Required action:
All lines from the one containing "Lot of charm bracelets priced at $1..." through the final line of the records below should be reproduced exactly, with the pictures left out.

-------- Records to process

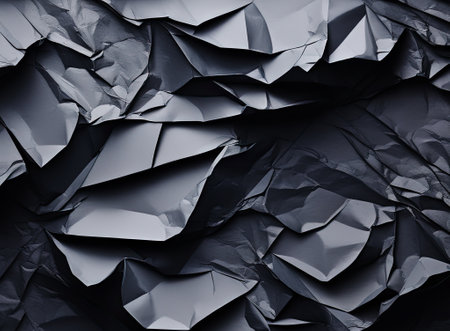 Texture of black crumpled paper. Dark paper background with bends. A sheet of wrinkled paperの素材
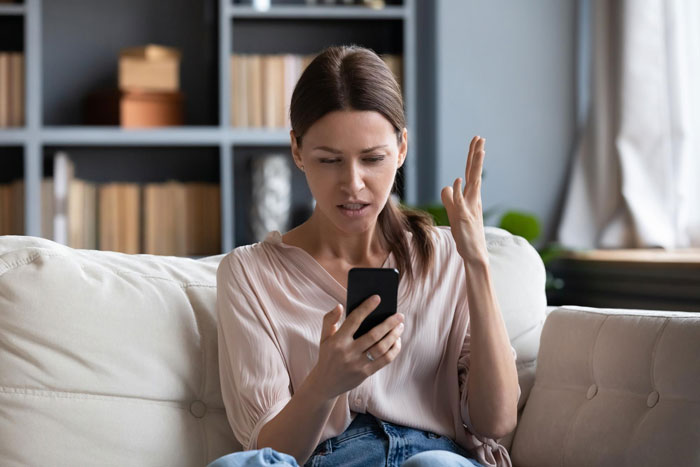 Woman upset while looking at smartphone, reflecting family conflict Woman upset while looking at smartphone, reflecting family conflict
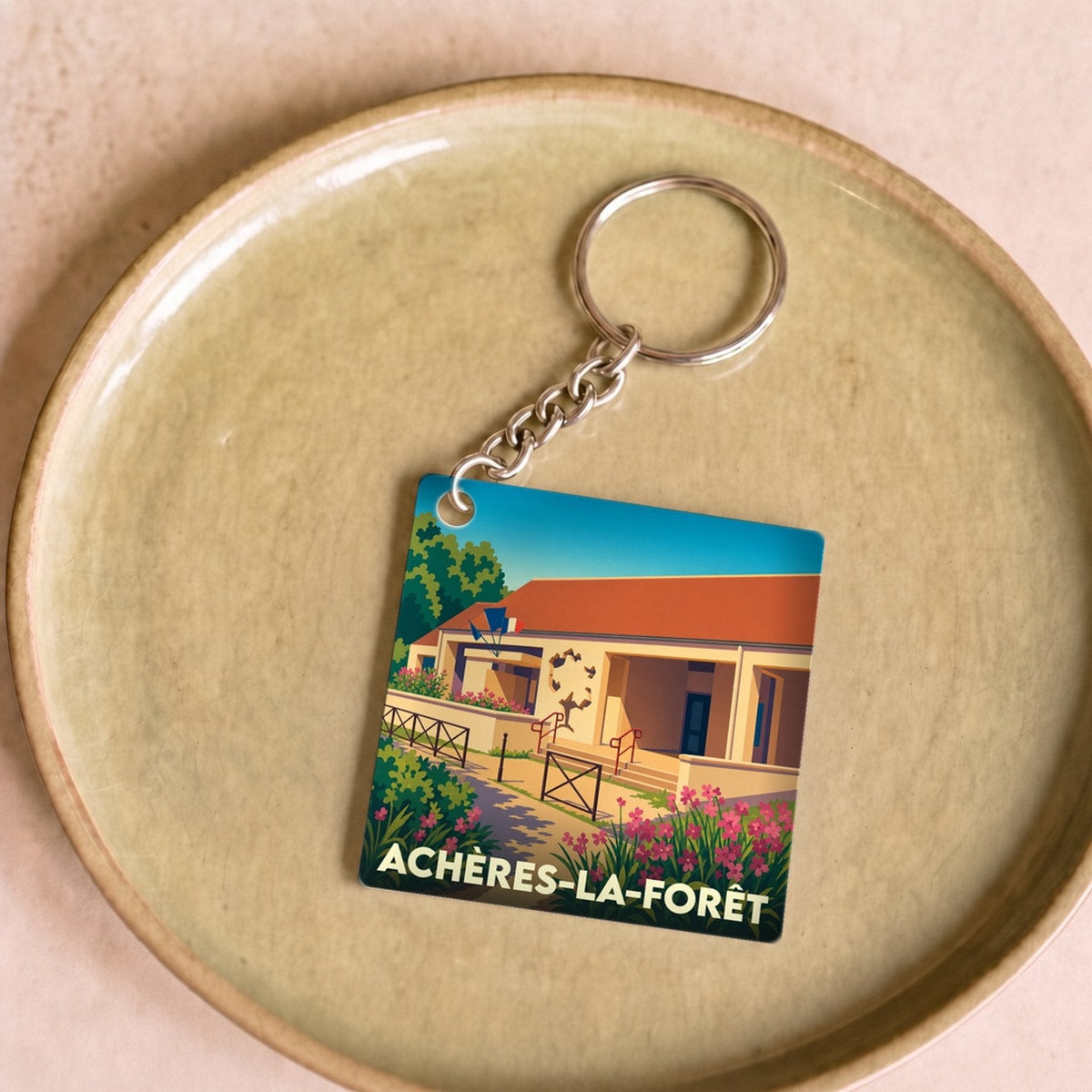 Porte-clés souvenir de la ville d'Achères-la-Forêt avec une illustration stylisée d'un bâtiment fleuri.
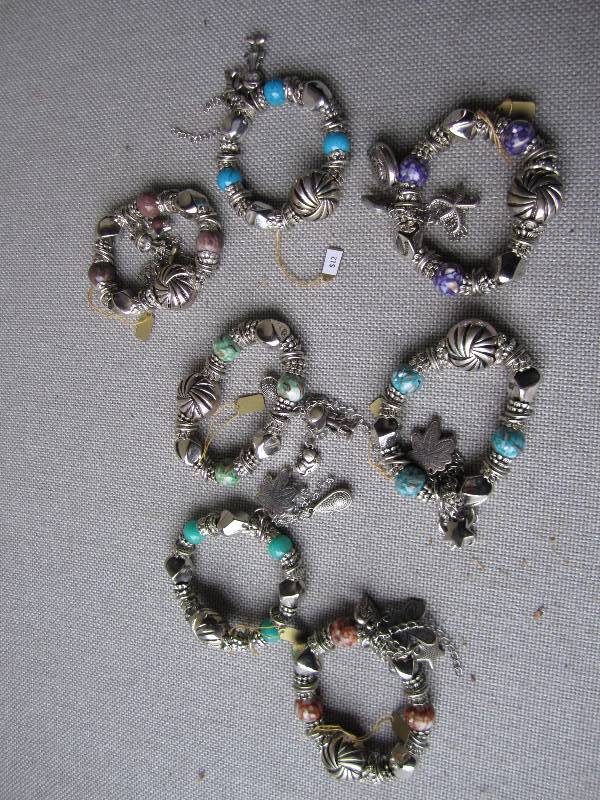 Lot of charm bracelets priced at $1...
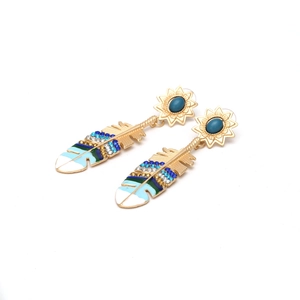 Detailed close-up of gold feather earrings with blue enamel and sparkling rhinestones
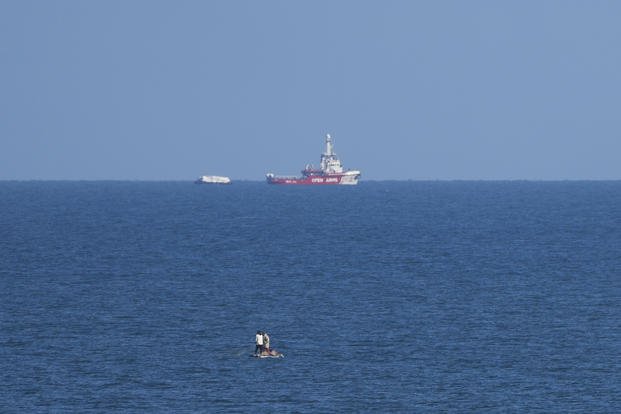 A ship belonging to the Open Arms aid group approaches the shores of Gaza.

----------------

Result:
 Lot of charm bracelets priced at $1...
 Detailed close-up of gold feather earrings with blue enamel and sparkling rhinestones
 A ship belonging to the Open Arms aid group approaches the shores of Gaza.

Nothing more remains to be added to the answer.